陶胎七宝の小皿、5枚です。
模様にわずかの違いがありますが、すべて波千鳥紋です。
口径 10.7㎝、高台径 5.5㎝、高 2.3㎝。重 111g。明治初期。
胎土は、これまで紹介してきた薩摩系の土とはことなり、くすんだクリーム色の半陶半磁の陶土です。
裏面には、非常に細かいジカンがびっしり見られます。
高台は付け高台、内側には所々に細かい砂が付着しています。
外縁に2本、高台付近に2本の圏線が、くすんだ色の呉須で描かれています。
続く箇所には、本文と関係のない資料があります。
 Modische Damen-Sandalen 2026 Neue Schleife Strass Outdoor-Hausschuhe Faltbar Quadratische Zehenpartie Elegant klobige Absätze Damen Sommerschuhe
このように染付けを併用した陶胎七宝は、初見です。
どこで生産された品か、全く見当がつきません。
七宝部を見てみます。
やはり、これまでの京薩摩、錦光山系の陶胎七宝とは異なるようです。
外周を、幾何学模様でぐるりと囲み、中央に波千鳥紋を描いています。白で千鳥、岩、波しぶき(白〇)を、青で海、波しぶき(青〇)を表しています。
中央右下には、ぐるっと囲んだ黄〇が途切れて、波が押し寄せている様子が表されています。芸が細かいですね(^.^)
七宝釉の入ったヒビと金属植線の模様が呼応しあって、面白い効果を出しています。
顕微拡大してみます。
岩(白)に丸いしぶき(青)。
千鳥の下の部分。
植線は、青の海にまで伸びています。
氷裂模様のようです。海は、このような模様で埋まっています。何でもないようにみえる模様ですが、植線で、きちんとした形ではなく、不定形模様を表すのは非常に難しいです。
大変毛色の変わった陶胎七宝です。
小さなわりに手が込んでいる・・・・輸出品ではなく、国内向けの品でしょう。